The masked men threw the bloodied and unconscious Reuben into the back of a dusty van and locked him inside. The van tore out of the forest and down a single dirt track. It made a sharp left onto a small country road lit by a single golden light.
Reuben awoke. The metallic tang of blood lingered in the back of his mouth. He tried to open the doors, but they would not budge. Dizzy and unable to see out of his right eye, Reuben hunkered down to quell a wave of nausea overtaking him.
The van came to a sudden stop and threw Reuben about his makeshift cell.
The back doors swung open, and the two masked figures pounced on him. They carried him by his hands and feet toward a barn covered in shadows. The smaller masked figure said, “Your time’s up, boy. Best start sayin’ your prayers.”
Reuben couldn’t speak, his muscles were dead, and his breathing was shallow. He had given up the fight. The masked figures hauled him into the barn and slammed the door behind them. Loud barks filled the air, followed by Reuben Walker’s haunting cries and screams.
Reuben knew there was no getting out of this now. He knew that had been his only chance of escape. He knew he would be dead soon, and worst of all, he knew there was no one out there who could save him, not even me.
Your best friend can also be your worst enemy.

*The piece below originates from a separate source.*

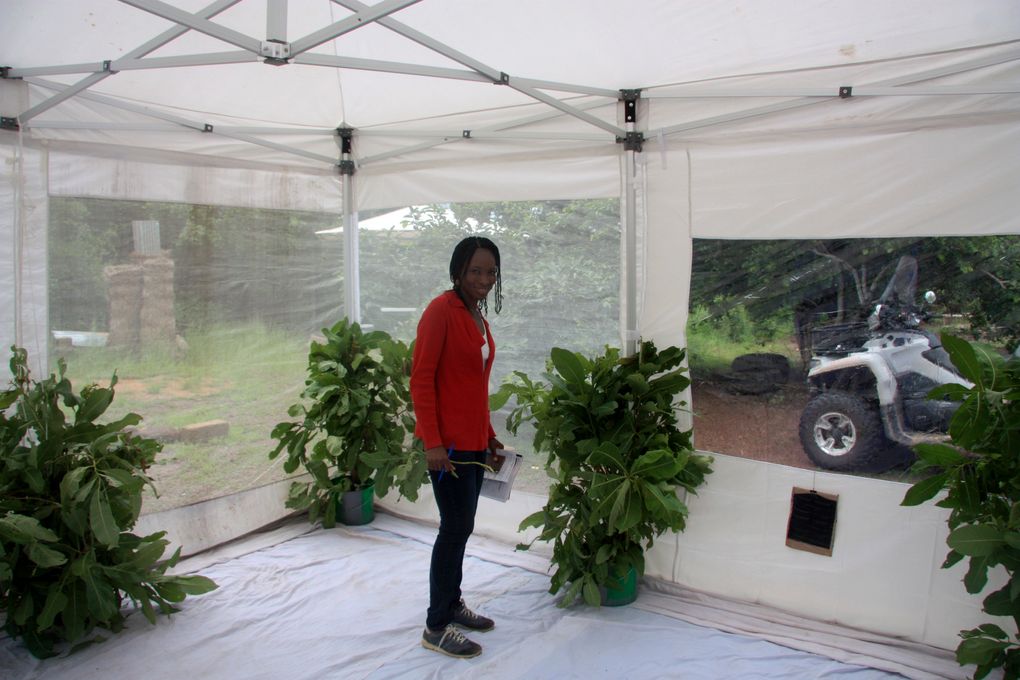 Researchers tested the effectiveness of attractive toxic sugar bait stations on mosquitoes released inside screened enclosures in the West African nation of Mali. (Westham Innovations)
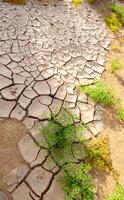 Dry cracked red clay in the desert in the bed of a dried up water stream, Egypt photo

My novel took me three years to complete and I can say without doubt that I would not have sold it to a publisher without going back and writing the prologue you just read. How? Because the prologue hooked the publisher and left them asking a question that I did not answer until the final chapter.
A slow start to your novel can ruin your chances of success. When you write a novel you want the publisher or agent to form a connection with your main character. And, in order for this to happen you need to develop the character over numerous chapters, preferably the opening chapters. This is your best friend and your worst enemy all rolled into one. You do not want the agent or publishers reading your novel to get bored. If they get bored the reader will get bored and you will get a nice, professional, rejection letter. The solution to this problem is an awesome prologue.
How to write a prologue that will land a publisher.
1: But first. Write the best novel you are capable of. Create an intriguing character, put them into a situation they are uncomfortable in, give them a goal and make it almost impossible for them to achieve it. I’ll talk more about this in future Medium articles.
2: After you have written the best novel possible, plan your prologue. Decide what will happen and make sure it throws the publisher into the story.
3: Write a killer opening sentence, or two:
“Reuben Walker first mainlined crystal meth in the summer of 1996 in Devil’s Lake, North Dakota. He was seventeen, skin and bones, and had an anger in him the size of a Zeppelin.”
Your opening sentence is as important as the prologue itself. Think of something that will mirror your novel’s genre. If you are writing a thriller, write something that will get the publisher’s heart pounding. If it’s a horror, scare the publisher straight away. If it’s a romance, start with something steamy.
4: Forget about backstory. You can weave backstory into your novel by using conflict, dialogue, narration, and flashbacks. Backstory can be boring, forget about it until the publisher has made a connection with your main character.
5: Action, action and action. Make your prologue exciting. Place your character in peril and have them battling against the odds. Do this by writing ACTION.
6: Leave the publisher dying to know more: Do this by ending the prologue with a hook. You want the publisher thinking, what happens next? And, that will make them turn the page to the first chapter. But remember, do not give them the answer to that question until your final chapter.